- Activity: Give each line of the records again exactly and omit every picture.

- Recorded data:
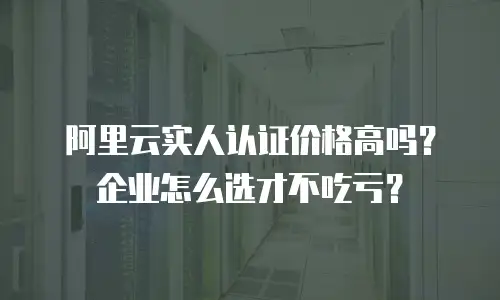 阿里云实人认证价格高吗？企业怎么选才不吃亏？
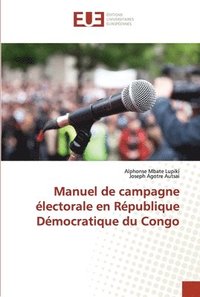 bokomslag Manuel de campagne lectorale en Rpublique Dmocratique du Congo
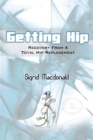 Image for Getting Hip : Recovery from a Total Hip Replacement
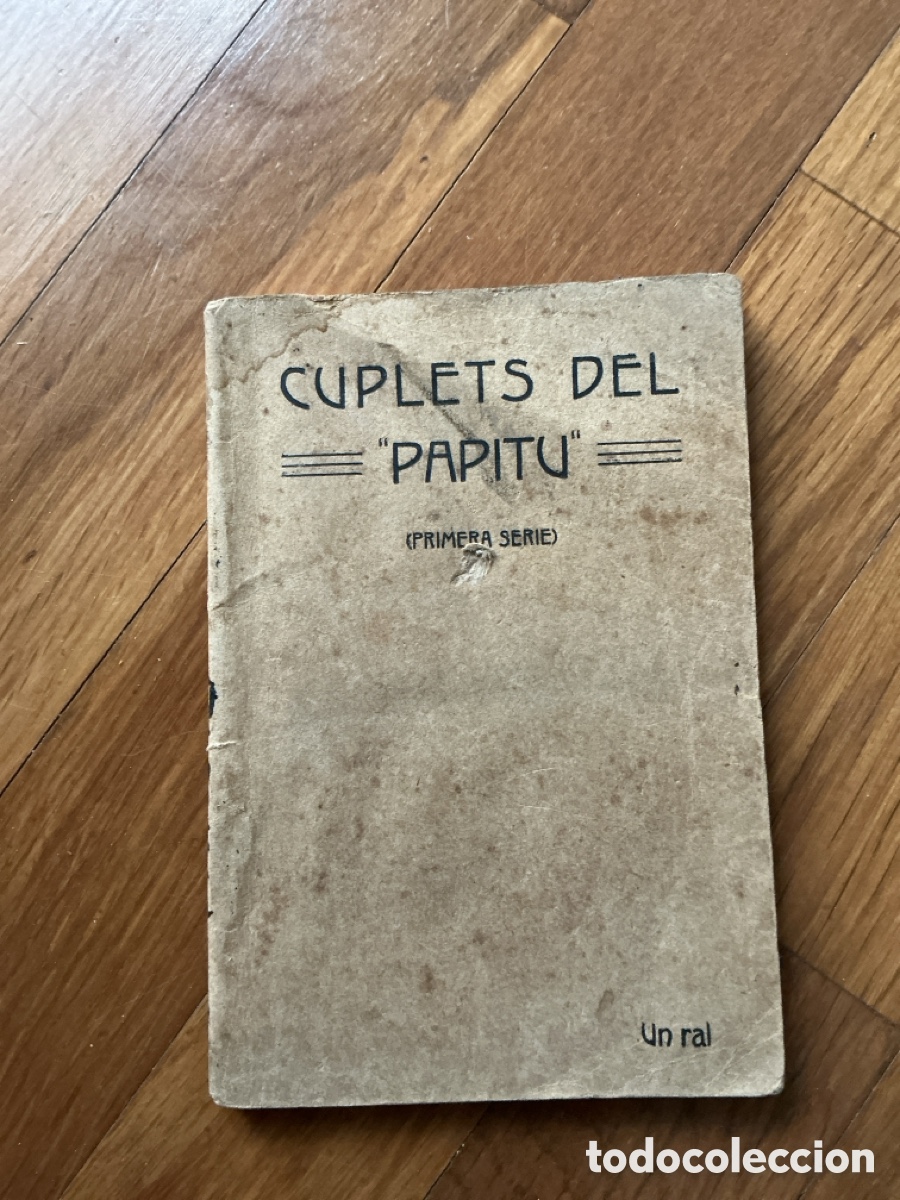 Libros antiguos: CUPLETS DEL PAPITU (Primera S&egrave;rie)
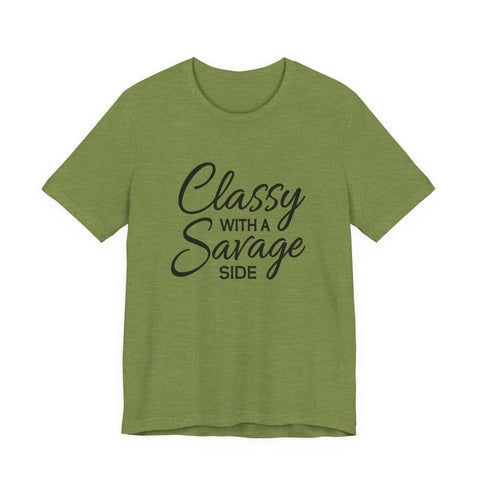 Classy with a Savage Side (Pittsburgh Sarcasm Series) - Unisex Jersey Short Sleeve Tee T-Shirt - YinzerShop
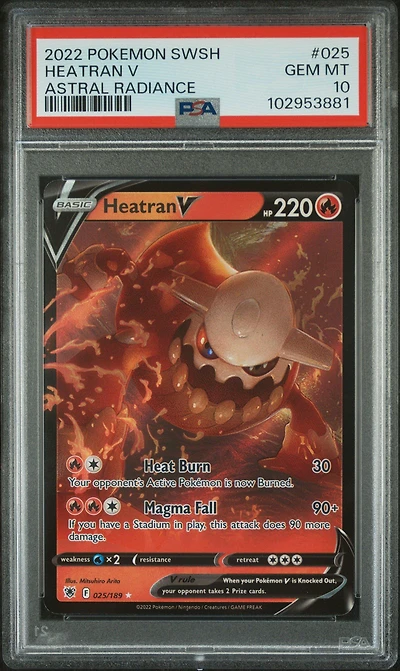 2022 Pokemon Sword & Shield Astral Radiance 025 Heatran V PSA 10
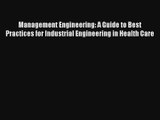 Download Management Engineering: A Guide to Best Practices for Industrial Engineering in Health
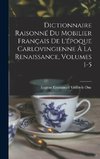 Dictionnaire Raisonné Du Mobilier Français De L'époque Carlovingienne À La Renaissance, Volumes 1-5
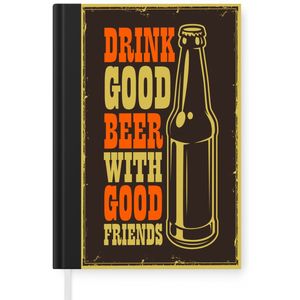 Notitieboek - Schrijfboek - Quotes - Vintage - 'Drink good beer with good friends' - Spreuken - Notitieboekje klein - A5 formaat - Schrijfblok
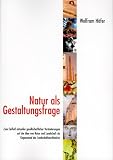 Natur als Gestaltungsfrage Zum Einfluß aktueller gesellschaftlicher Veränderungen auf die Idee von Natur und Landschaft als Gegenstand der Landschaftsarchitektur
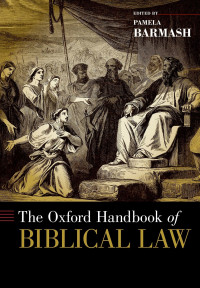 Barmash, Pamela; — The Oxford Handbook of Biblical Law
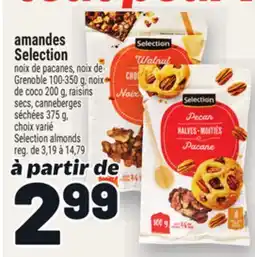 Metro AMANDES SELECTION | SELECTION ALMONDS offer
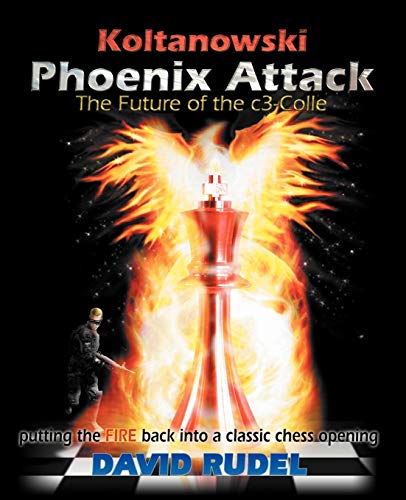 Imagen de archivo de Koltanowski-Phoenix Attack-The Future of the C3-Colle: Putting the Fire Back Into a Classic Chess Opening a la venta por Book Deals
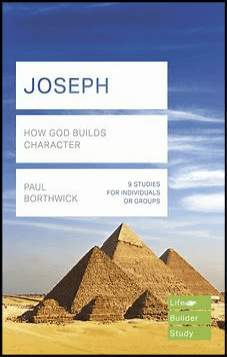 Joseph - How God Builds Character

- Response box:
 阿里云实人认证价格高吗？企业怎么选才不吃亏？
 bokomslag Manuel de campagne lectorale en Rpublique Dmocratique du Congo
 Image for Getting Hip : Recovery from a Total Hip Replacement
 Libros antiguos: CUPLETS DEL PAPITU (Primera S&egrave;rie)
 Classy with a Savage Side (Pittsburgh Sarcasm Series) - Unisex Jersey Short Sleeve Tee T-Shirt - YinzerShop
 2022 Pokemon Sword & Shield Astral Radiance 025 Heatran V PSA 10
 Download Management Engineering: A Guide to Best Practices for Industrial Engineering in Health
 Dictionnaire Raisonné Du Mobilier Français De L'époque Carlovingienne À La Renaissance, Volumes 1-5
 Notitieboek - Schrijfboek - Quotes - Vintage - 'Drink good beer with good friends' - Spreuken - Notitieboekje klein - A5 formaat - Schrijfblok
 Natur als Gestaltungsfrage Zum Einfluß aktueller gesellschaftlicher Veränderungen auf die Idee von Natur und Landschaft als Gegenstand der Landschaftsarchitektur
 Barmash, Pamela; — The Oxford Handbook of Biblical Law
 Metro AMANDES SELECTION | SELECTION ALMONDS offer
 Imagen de archivo de Koltanowski-Phoenix Attack-The Future of the C3-Colle: Putting the Fire Back Into a Classic Chess Opening a la venta por Book Deals
 Joseph - How God Builds Character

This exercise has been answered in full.